• _Data_:
------------------------------

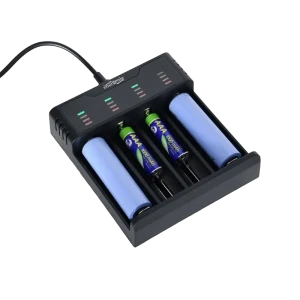 Încărcător Acumulatori Energenie BC-USB-02, Negru Încărcător Acumulatori Energenie BC-USB-02, Negru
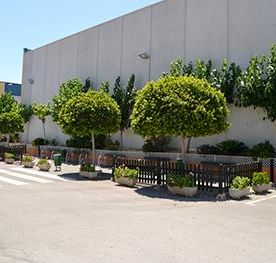 Afueras de Funeraria San Roque S.L. 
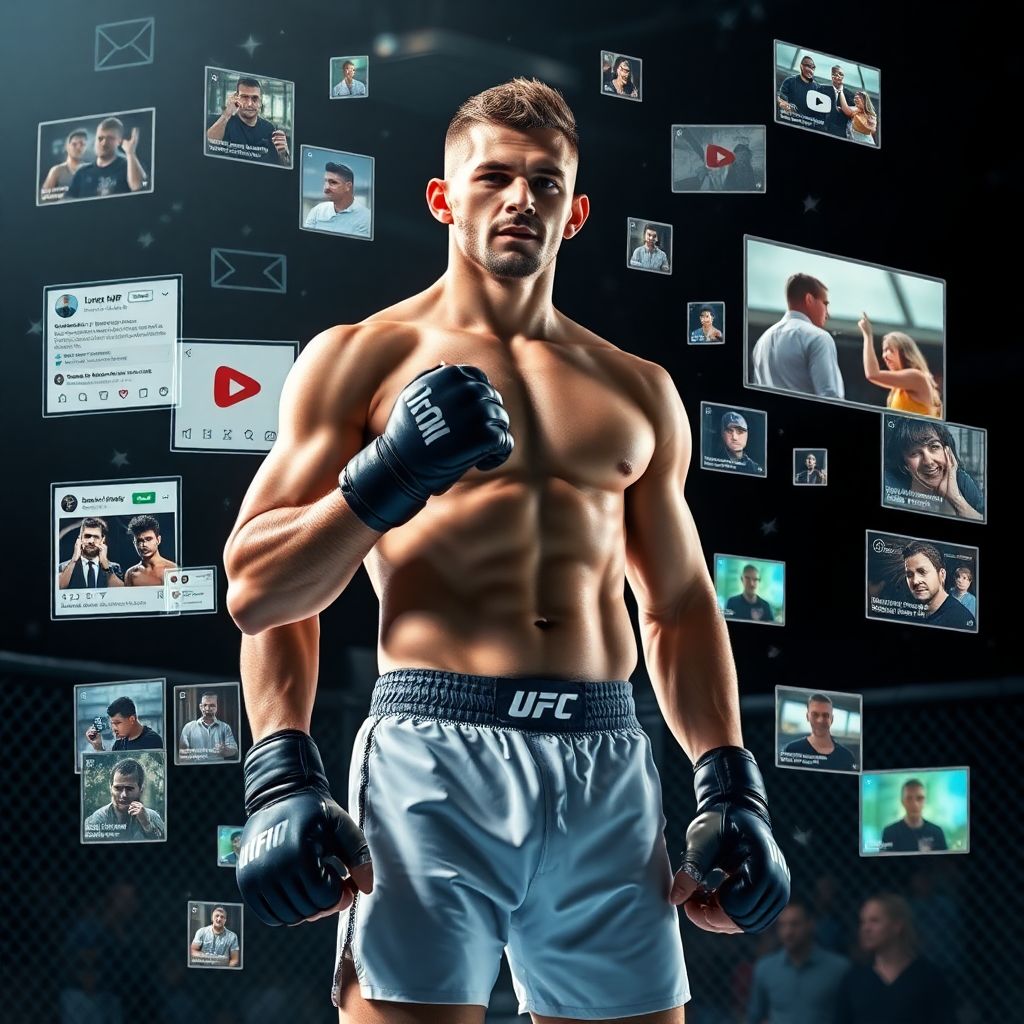 Соцсети и медиаобраз бойца: как влияют на карьеру и матчмейкинг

------------------------------

• _What you need to do_:
The answer must be the full listing, word for word, with no images in it.

• _Answer section_:
 Încărcător Acumulatori Energenie BC-USB-02, Negru Încărcător Acumulatori Energenie BC-USB-02, Negru
 Afueras de Funeraria San Roque S.L. 
 Соцсети и медиаобраз бойца: как влияют на карьеру и матчмейкинг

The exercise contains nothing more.